To close out the first quarter of 2026, the FDA granted various approvals in March, including first-ever treatments for some disease states and first-in-class therapies for others.

In particular, patients with hypothalamic obesity (HO) and those with primary biliary cholangitis (PBC) experiencing cholestatic pruritus now have their first FDA-approved treatment options. Meanwhile, first-in-class approvals included an oral tyrosine kinase 2 (TYK2) inhibitor for active psoriatic arthritis (PsA), an oral IL-23–targeting peptide for plaque psoriasis, and once-weekly insulin icodec-abae for type 2 diabetes (T2D).

Learn more about these 5 FDA firsts below:

FDA Approves First TYK2 Inhibitor for Adults With Active Psoriatic Arthritis

At the start of the month, on March 6, the FDA approved deucravacitinib (Sotyktu; Bristol Myers Squibb), an oral selective TYK2 inhibitor, for adults with active PsA, making it the first TYK2 inhibitor approved for this indication.1

The approval was based on positive results from the phase 3 POETYK PsA-1 (NCT04908202) and POETYK PsA-2 (NCT04908189) trials, which evaluated the efficacy and safety of deucravacitinib 6 mg once daily in adults with active PsA. Presented last summer at the EULAR 2025 Congress, the findings demonstrated deucravacitinib’s potential as a new treatment option for patients who are biologic naive or have had prior therapy, with clinical responses maintained through week 52.

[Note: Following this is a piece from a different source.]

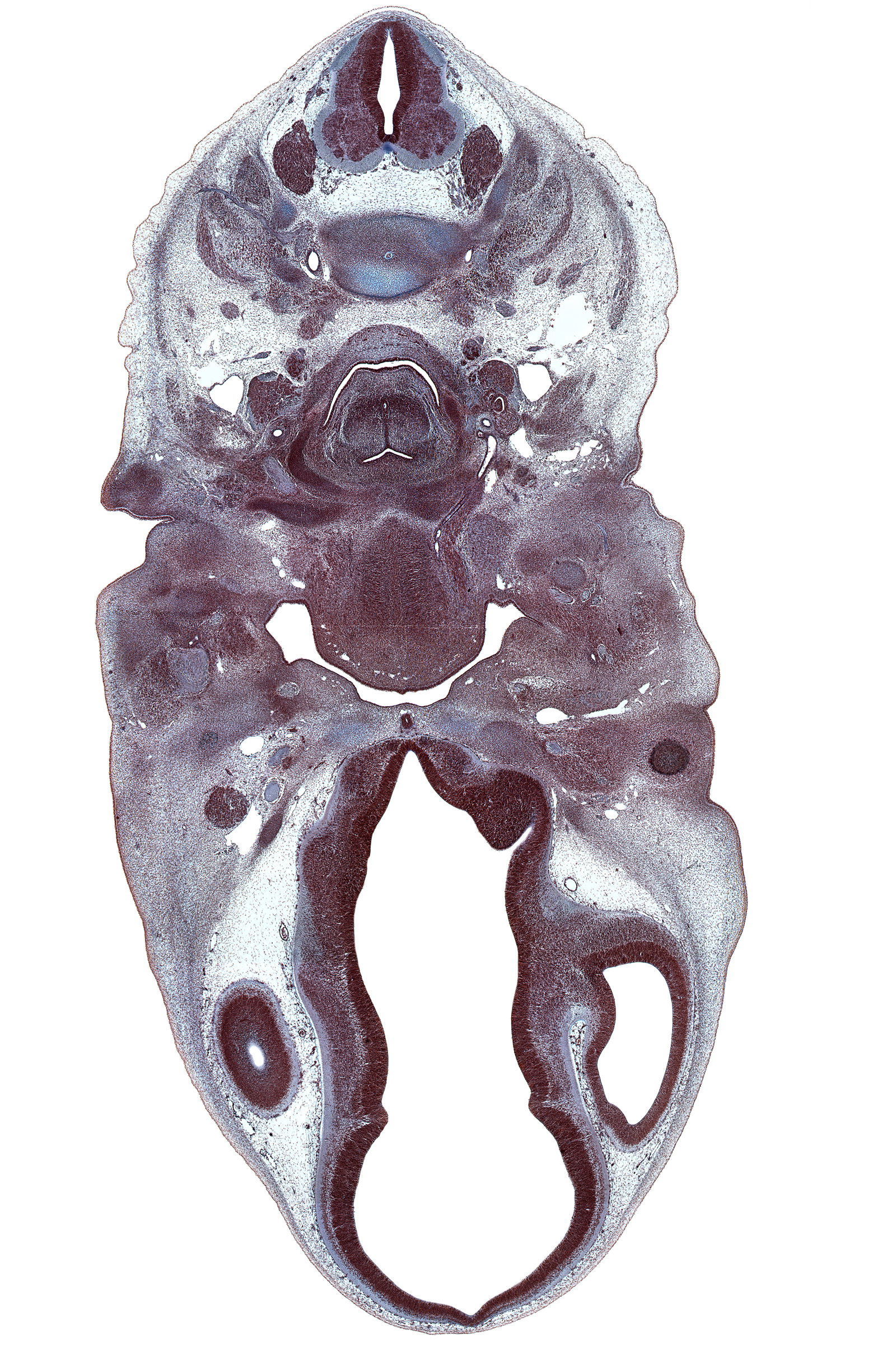 C-3 / C-4 intervertebral disc, C-4 spinal nerve, C-5 spinal ganglion, body of sphenoid, centrum of C-3 vertebra, cervical plexus, dorsal thalamus, edge of cerebral vesicle(s), edge of lateral ventricle, edge of pigmented layer of retina, epithalamus, hypothalamus, jugular lymph sac, laryngeal pharynx, lingual artery, mandibular nerve (CN V₃), marginal ridge, maxillary nerve (CN V₂), nasopharynx, neural arch of C-4 vertebra, ophthalmic nerve (CN V₁), optic groove, orbitosphenoid, pharyngeal arch 3 cartilage, precardinal vein (internal jugular vein), primordial mandible, pterygopalatine ganglion, splenius muscle, stem of adenohypophysis, sternocleidomastoid muscle, trapezius muscle, ventral thalamus, zona limitans intrathalamica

Specifically, in the POETYK PsA-1 trial, those treated with deucravacitinib experienced statistically significant improvements in American College of Rheumatology 20 (ACR20), ACR50, and ACR70 responses compared with placebo. The patients also had substantial skin clearance vs placebo, as shown by Psoriasis Area and Severity Index (PASI) 75 responses (51.9% vs 7.1%) by week 16.

Deucravacitinib demonstrated sustained improvement in clinical responses through week 52 in patients with active PsA throughout the POETYK PsA-2 trial. At week 16, significantly more patients receiving deucravacitinib achieved an ACR20 response than those receiving placebo (54.2% vs 39.4%; P = .0002); ACR20 rates increased to 62.2% for patients on continuous deucravacitinib and 67.3% for those who switched from placebo by week 52. Researchers noted that improvements in ACR50, ACR70, PASI 75, HAQ-DI, MDA response, and SF-36 PCS were maintained or enhanced through week 52.

“The psoriatic disease community has been waiting for an additional oral treatment to address the debilitating joint and skin symptoms of this disease,” Steven Taylor, president and CEO of the Arthritis Foundation, said in a news release.2 “We welcome this new treatment option for people living with PsA.”

FDA Approves Icotrokinra, First Oral IL-23 Inhibitor for Plaque Psoriasis

Less than 2 weeks later, on March 18, the agency approved icotrokinra (Icotyde; Johnson & Johnson) to treat adults and pediatric patients 12 years and older with moderate to severe plaque psoriasis.3 The approval made icotrokinra the first and only targeted oral peptide that blocks the IL-23 receptor to help achieve skin clearance, marking a shift in the delivery of systemic therapy among this population.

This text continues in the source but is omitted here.